Article of the Month, July 2018 (Tishby's lab)

July 19, 2018

Efficient compression in color naming and its evolution

Authors: Noga Zaslavsky, Charles Kemp, Terry Regier and Naftali Tishby

Published in PNAS on July 2018

Link: www.pnas.org/cgi/doi/10.1073/pnas.1800521115



Languages package ideas into words in different ways. For example, English has separate terms for “black,” “blue” and “green,” but other languages have only a single term for these colors. At the same time, there are universal tendencies in word meanings, such that similar or identical meanings often appear in unrelated languages. A major question is how to account for such semantic universals and variation of the lexicon. In this work, we derive a principled information-theoretic account of cross-language semantic variation. Specifically, we argue that languages efficiently compress ideas into words by optimizing the Information Bottleneck (IB) tradeoff between the complexity and accuracy of the lexicon.
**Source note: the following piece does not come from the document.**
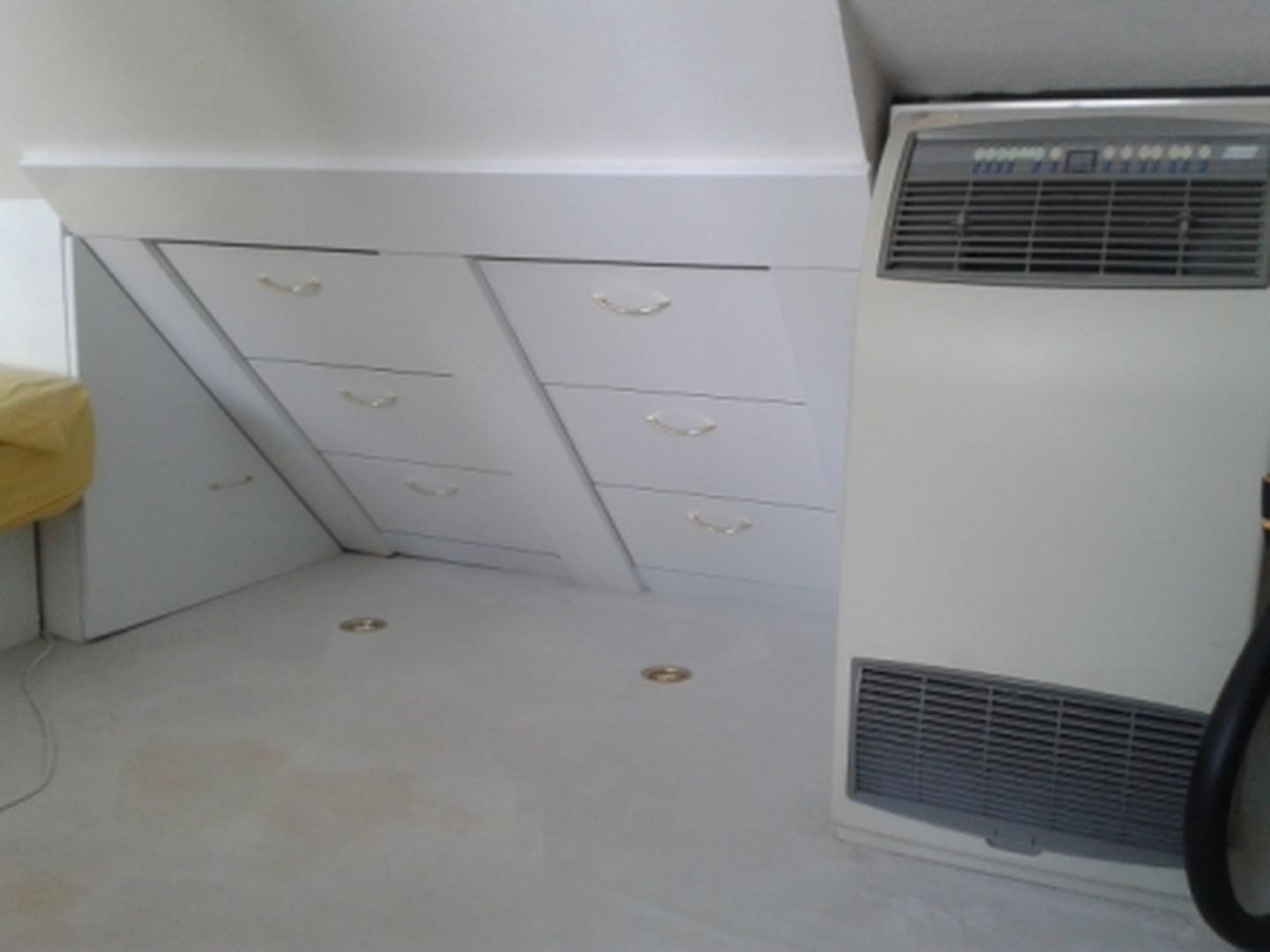 3 Etage weißer Teppichboden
We test this proposal in the domain of color naming, and show that: (i) color naming systems across languages achieve near-optimal compression; (ii) small changes in a single tradeoff parameter account to a large extent for observed cross-language variation; (iii) efficient IB color naming systems exhibit soft rather than hard category boundaries, and often leave large regions of color space inconsistently named, both of which phenomena are found empirically; and (iv) these IB systems evolve through a sequence of structural phase transitions, in a single process that captures key ideas associated with different accounts of color category evolution. These results suggest that a drive for information-theoretic efficiency may shape color naming systems across languages. This principle is not specific to color, and so it may also apply to cross-language variation in other semantic domains.